Ich danke dir Gott, dass ich wunderbar gemacht bin; wunderbar sind deine Werke; dass erkennt meine Seele. Psalm 139,14
In den letzten Tagen habe ich oft zuhause in Bristol in unserem kleinen Garten hinterm Haus gesessen. Einfach so, ohne etwas zu tun. Manchmal hatte ich eine Tasse Kaffee oder ein Buch dabei. Eigentlich habe ich einfach nur so dagesessen und meine Umwelt beobachtet. Ich wollte die Zeit zur Vorbereitung meiner Predigt nutzen, was ich normalerweise am Schreibtisch mache. Aber das schöne Wetter hat mich nach draußen gezogen. War es also nichts mit der Predigtvorbereitung? Am Ende doch, denn ich habe die Zeit, die ich da im Garten saß, trotzdem intensiv genutzt. Ich habe nämlich etwas beobachtet. Bei uns hat sich in diesem Frühjahr im kleinen Garten hinter dem Pfarrhaus etwas ganz Spannendes ereignet. Als wir vor fast vier Jahren eingezogen sind, haben wir einen Nistkasten mitgebracht. Diesen Nistkasten hat unser zweitältester Sohn Simeon vor Jahren in der Schule aus Holz gebaut. Wir haben ihn dann mit nach Bristol umgezogen und ich habe ihn irgendwann an die Hauswand gehängt.

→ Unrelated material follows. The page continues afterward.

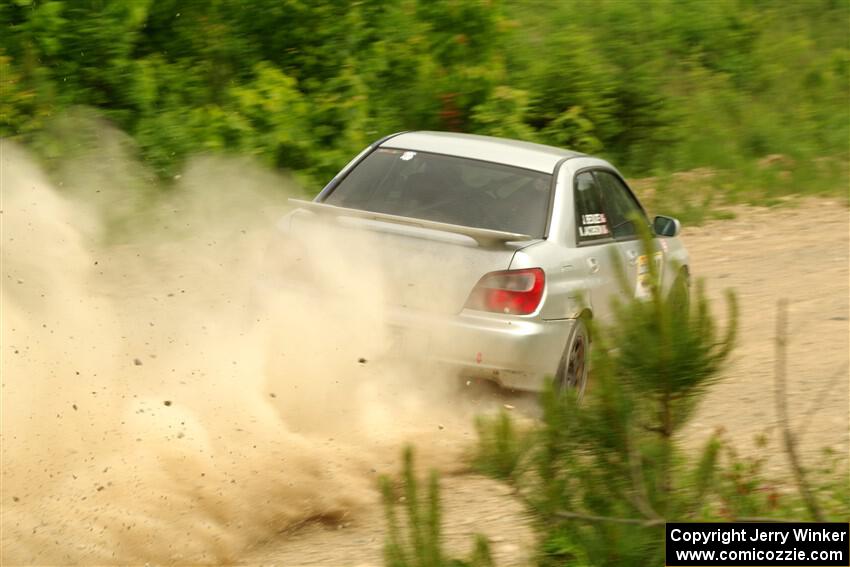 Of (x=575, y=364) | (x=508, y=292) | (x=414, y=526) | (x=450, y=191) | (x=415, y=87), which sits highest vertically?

Und da hing er jetzt drei Jahre lang. Das ursprünglich helle Holz ist inzwischen grau geworden. Ansonsten ist nicht viel passiert bis zu diesem Frühjahr. Ich glaube im März hat meine Frau Helen festgestellt, dass sich ein Paar Blaumeisen für den Nistkasten zu interessieren scheinen. Ich war skeptisch, weil es sowieso nicht sehr viele Vögel in unserer Nachbarschaft gibt, bis auf ein Taubenpärchen, das regelmäßig kommt, um aufzupicken, was unsere Meerschweinchen auf dem Gras übriggelassen haben. Aber tatsächlich, die Blaumeisen haben sich in diesem Jahr unseren Nistkasten ausgesucht. In den letzten Tagen habe ich jetzt beobachtet, wie die Meiseneltern ständig ein- und ausfliegen. Man kann sogar erkennen, dass sie Insekten in den Schnäbeln tragen. Also scheinen die jungen Blaumeisen bereits geschlüpft zu sein.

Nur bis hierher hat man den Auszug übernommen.